SR - Naming the region

Timothy A. McDaniel tmcd at crl.com
Wed Aug 19 20:47:42 PDT 1998


On Wed, 19 Aug 1998, AElfwyn / Jodi McMaster wrote:
> Moriel wrote:
> > What would the Spanish translation of "Southern Star" be?  Just an idea...
> > 
> "Estrella del Sur," I think.

I am quite boggled to find the following in the index of the National
Geographic _Atlas of the World_, 1981.  "Quite boggled" because I
wouldn't have expected a name based on "star" in a geographical name
-- it seemed far too fanciful to me.  Evidence {u"}ber alles; a bas
les prejudices!  (But I wonder if there's "false etymology" here:
maybe the true derivation merely looks starry.  For example, Old Norse
Stari is the word for "starling" and had a different derivation than
"star".)  Anyway:

    Serra da Estrela (Portugal)
    Estrela do Norta (Brazil)
    Estr{e^}la do Sul (Brazil)  [!]
    Estrella, mountain (Spain)
    Punta Estrella (Mexico)

Since I know essentially no Spanish or Portuguese, I can't say what
these might mean; I don't even know if "Estrella" is "star" or not.
Confirmation?

There is no conflict by translation, but "Estr{e^}la do Sul" might be
aurally too close to "Estrella del Sur" -- anyone know how they are
pronounced?

Caveats and avenues for futher research:

- what are the derivations?  Any other known patterns, like in
surnames?  There are Italian "campo"-based surnames that don't appear
in my atlas, for example.

- major caveat: are these names period or way post-period?  Mount
Estrella would be the best-looking place to start, it being in Spain
after all, and mountains don't get formed like, say, new towns.  It's
on a direct line between Madrid and Grenada, about 75 miles north of
the latter, in the Sierra Morena.  Seeing "Sierra" reminds me that it
means "mountains", I think ("Sierra Nevada", e.g.), so the Portuguese
name above should mean the same thing and also be researchable.  It's
a mountain range slanting SW-NE in the middle of Portugal.

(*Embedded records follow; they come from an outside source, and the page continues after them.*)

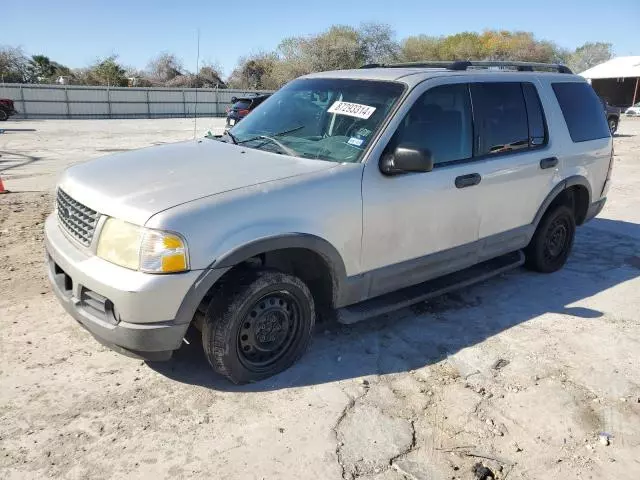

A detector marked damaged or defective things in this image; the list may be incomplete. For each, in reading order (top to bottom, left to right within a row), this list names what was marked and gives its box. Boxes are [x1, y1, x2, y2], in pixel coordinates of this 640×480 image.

cracked pavement [1, 117, 640, 480] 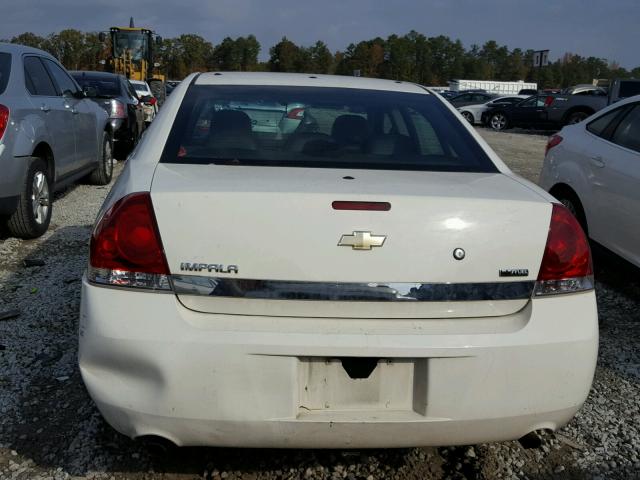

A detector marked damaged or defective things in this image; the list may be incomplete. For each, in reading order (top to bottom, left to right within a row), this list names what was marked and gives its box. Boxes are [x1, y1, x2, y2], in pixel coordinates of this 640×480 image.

dent on bumper [80, 276, 600, 448] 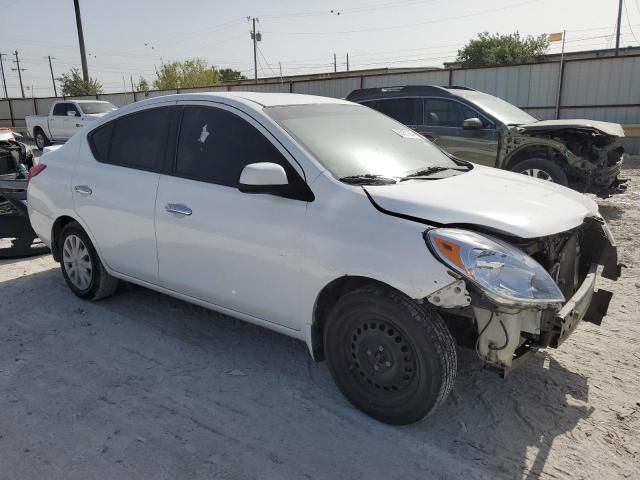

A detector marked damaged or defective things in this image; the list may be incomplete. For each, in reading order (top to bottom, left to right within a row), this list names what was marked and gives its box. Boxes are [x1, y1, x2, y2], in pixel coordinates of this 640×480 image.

damaged vehicle in background [348, 86, 628, 193]
damaged white car [27, 93, 616, 424]
damaged vehicle in background [28, 93, 620, 424]
exposed headlight [428, 228, 564, 304]
broken bumper cover [548, 264, 612, 346]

- are any of these names in standard sources, and hence protected from
conflict in registration?

- similar names in other languages?  Practices in one language don't
necessarily happen in any other, but it increases the odds.  I just
noticed that "Sterre" is both a Middle English nickname *and* given
name, and Reaney & Wilson derive it from "star".  Boggle squared!  R&W
mention Old Norse Stjarna, a nickname, and apparently meaning "star";
Geirr Bassi, an SCA standard Norse source, agrees.  Given that
surnames were used in location names in English, I would expect Sterre
+ hill, dale, ... to be possible name patterns.  (Frankly, I'd prefer
Spanish, Italian, Greek, or almost *anything* rather than the
SCA-usual English, Norse, and Celtic.  However, that's my own
preferences speaking!)

Daniel de Lincolia
-- 
Tim McDaniel (home); Reply-To: tmcd at crl.com; 
if that fail, tmcd at austin.ibm.com is my work address.